Em sua primeira visita ao Brasil após empossado no cargo, o diretor-executivo do Programa das Nações Unidas para o Meio Ambiente (Pnuma), Achim Steiner, foi o principal palestrante no painel Os desafios do desenvolvimento sustentável e as respostas do sistema multilateral ocorrido hoje pela manhã no auditório do Ibama/Sede, em Brasília. Estiveram presentes à mesa representantes dos setores governamental, legislativo, não-governamental e popular: a ministra do Meio Ambiente, Marina Silva, o presidente do Ibama, Marcus Barros, o deputado federal Fernando Gabeira, entre outras autoridades.

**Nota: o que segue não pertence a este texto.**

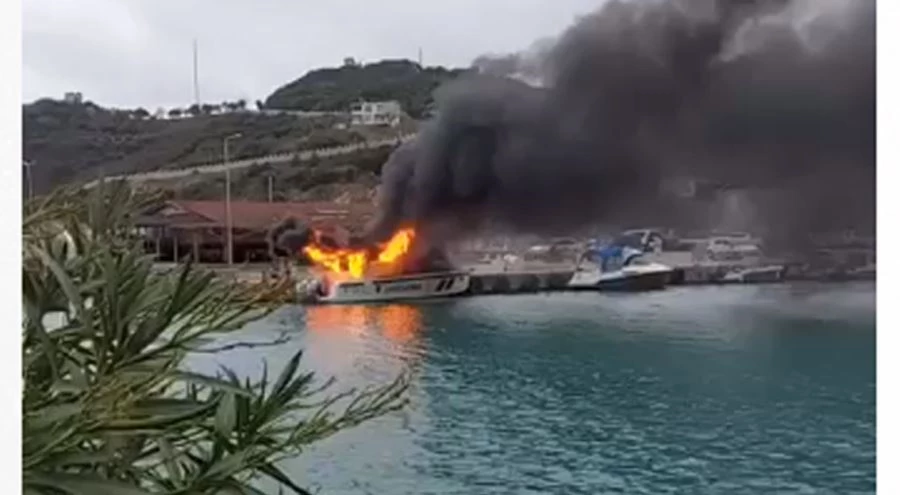 Jandarmaya ait bot hizmete girdiği gün yandı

Nascido no Brasil em 1961, Steiner foi chefe da União Internacional para a Conservação da Natureza (IUCN), a maior organização mundial de proteção à natureza. Considerado um dos maiores pensadores de meio ambiente da atualidade, para ele, “o homem mudou a batida do coração do planeta”. “Fomos além do momento onde nossas ações têm impacto”, explica. Mesmo com 60% de todos os ecossistemas mundiais degradados ou usados de formas insustentáveis, o diretor-executivo acredita que a sociedade está diante de uma grande oportunidade de mudança positiva. “É necessário uma reforma do sistema multilateral, um novo entendimento que emerge por causa da mudança climática e da possibilidade de uma globalização inteligente”, afirma.

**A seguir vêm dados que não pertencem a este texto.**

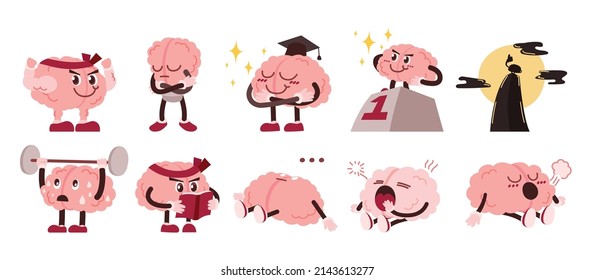 Brain Character With Emotion And Activity Set, Vector, Illustration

Por outro lado, o secretário-executivo do Fórum Brasileiro de Mudanças Climáticas, Luiz Pinguelli Rosa, aponta alguns dos problemas para se combater as mudanças climáticas. Segundo ele, os países desenvolvidos, à exceção da Inglaterra e Alemanha, estão longe das metas do protocolo de Kyoto; os países em desenvolvimento seguem os padrões de consumo dos desenvolvidos; e dentro de cada país se reproduz as desigualdades entre os países, com os mais ricos sendo os mais responsáveis pelas emissões de gases prejudiciais. Mesmo assim, Pinguelli observa que o Brasil traz imensas vantagens ao utilizar em sua matriz energética energias renováveis. “O uso de carvão e óleo diesel pode ser evitado”, acredita.

Para Paulo Moutinho, representante do Instituto de Pesquisa Ambiental da Amazônia (IPAM), o grande desafio é a operacionalização de um novo modo de consciência nas respostas multilaterais. “É necessário mudar paradigmas. Uma ação multilateral precisa de um mínimo de consenso entre países”, lembra. Essa mudança passa por uma nova forma de ver que a biodiversidade pode ser um ativo. “O governo que opta por valorizar a floresta deve ser compensado pelos serviços ambientais prestados ao planeta, pois é tão caro para o país em desenvolvimento fazer uso da sustentabilidade quanto para o já desenvolvido mudar sua matriz energética”, afirma. Opinião semelhante tem o secretário de Biodiversidade e Florestas do Ministério do Meio Ambiente, João Paulo Capobianco. Segundo ele, não há nada que diga que o Brasil não possa receber créditos de carbono por diminuir o desmatamento, por exemplo. Além disso, para ele, o país deve aproveitar suas vantagens comparativas em biocombustíveis “viáveis e os que melhor funcionam economicamente”.

Mas o Congresso Nacional não fica de fora desse debate. Como o tema extrapola os círculos acadêmicos e científicos e se transforma em preocupação social, o deputado federal Fernando Gabeira informa que há dois projetos de lei sobre política de mudança climática em tramitação. “Além disso, cinco comissões díspares colocaram o tema aquecimento global em sua pauta”, informa. Para ele, “o álcool não pode ser apenas uma commoditie, mas devem ser levados em consideração os custos sociais e ambientais”. “O brasileiro protege o meio ambiente não apenas por uma questão de sobrevivência, mas, principalmente, porque gosta da natureza, e isso deve se expressar em nossa política”, enfoca.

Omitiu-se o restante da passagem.